# HDMI Cables



## JawesomeArt (Dec 4, 2013)

I found a few really good deals on Rosewill HDMI Cables, and I want to know thoughts before I grab a bunch of them. They seem pretty thick, but not AS thick as some of the much pricier ones. So, Do you get what you pay for in the case of HDMI cables?


----------



## JMPC (Jan 15, 2011)

In theory, any good quality cables will be fine. HDMI is digital so it should either work or not. It's not like analog cables where the signal may be degraded. 

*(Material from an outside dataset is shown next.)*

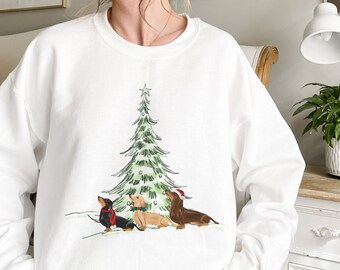 Dachshund Christmas Sweatshirt, Dog Sweatshirt, Dachshund Lover Gift, Wiener Dog Sweatshirt Sausage Dog Shirt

Here's some additional information regarding all the specs for HDMI:
HDMI :: Manufacturer :: HDMI 1.4 :: FAQ for HDMI 1.4
Differences between HDMI versions 1.1, 1.2, 1.3a, and 1.4a?
HDMI Spec Versions -- Blue Jeans Cable


----------



## JimE (Apr 16, 2009)

Haven't used any of the newegg brand so I don't know the quality.

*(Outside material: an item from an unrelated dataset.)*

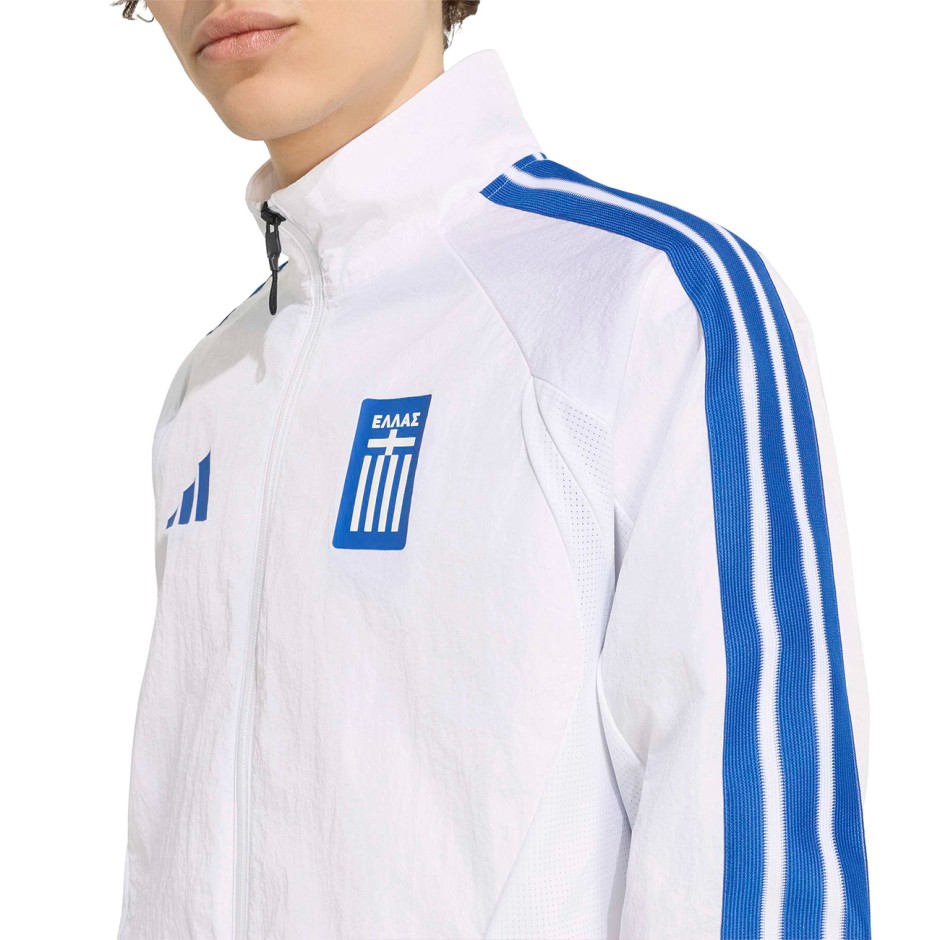 Men's Football Track Top White - adidas Originals Greece Home Anthem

I do recommend monoprice. Good prices and quality products.


----------



## Old Rich (May 31, 2007)

Don’t Be Fooled by HDMI Cables | Tech Support Forum


----------



## sobeit (Nov 11, 2007)

I just get the cheapest, never had a problem


----------



## yustr (Sep 27, 2004)

BTW: the same applies to speaker wires. One of many tests. Just use 16 gauge lamp cord and save $$$.


----------